DATA:

================================

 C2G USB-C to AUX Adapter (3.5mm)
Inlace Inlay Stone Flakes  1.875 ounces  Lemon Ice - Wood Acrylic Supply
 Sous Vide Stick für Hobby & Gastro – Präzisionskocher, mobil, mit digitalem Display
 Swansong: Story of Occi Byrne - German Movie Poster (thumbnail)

================================

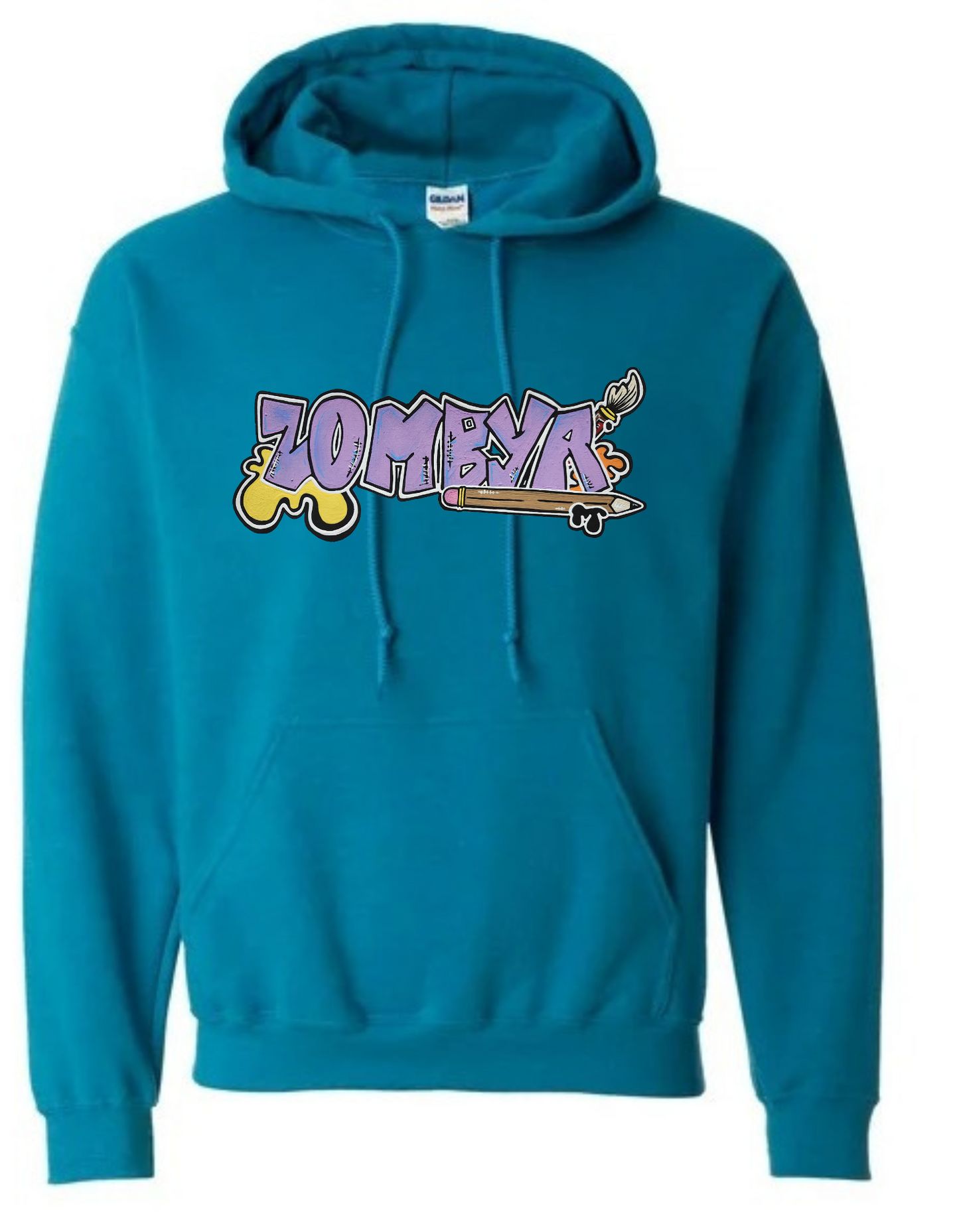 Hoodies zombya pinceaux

================================

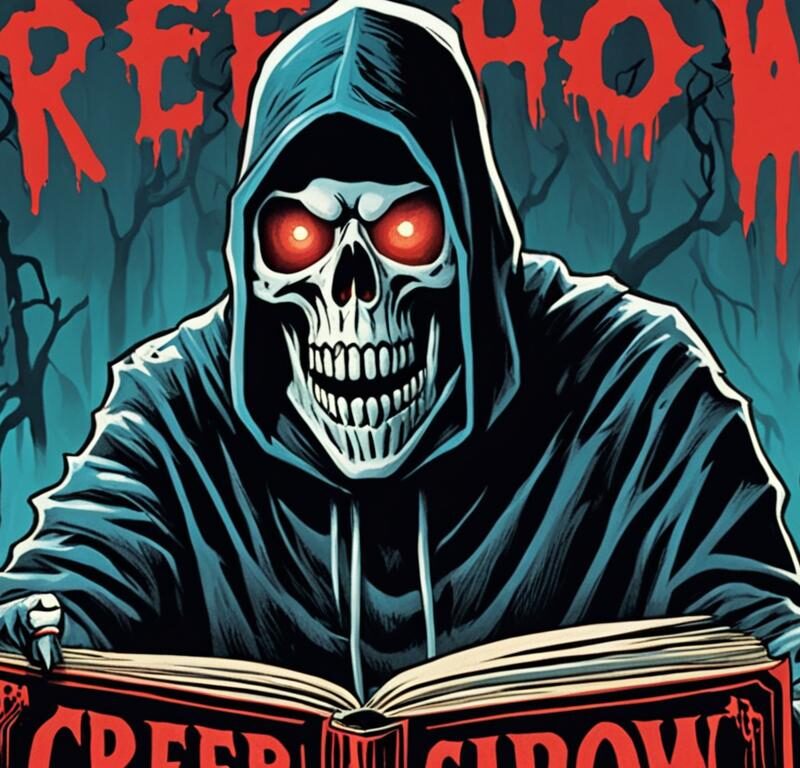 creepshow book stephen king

================================

WORK INSTRUCTIONS: Only the lines above from the one with "Sous Vide Stick" up to and including the one with "Swansong: Story of" should be repeated, exactly as written.

SOLUTION:
 Sous Vide Stick für Hobby & Gastro – Präzisionskocher, mobil, mit digitalem Display
 Swansong: Story of Occi Byrne - German Movie Poster (thumbnail)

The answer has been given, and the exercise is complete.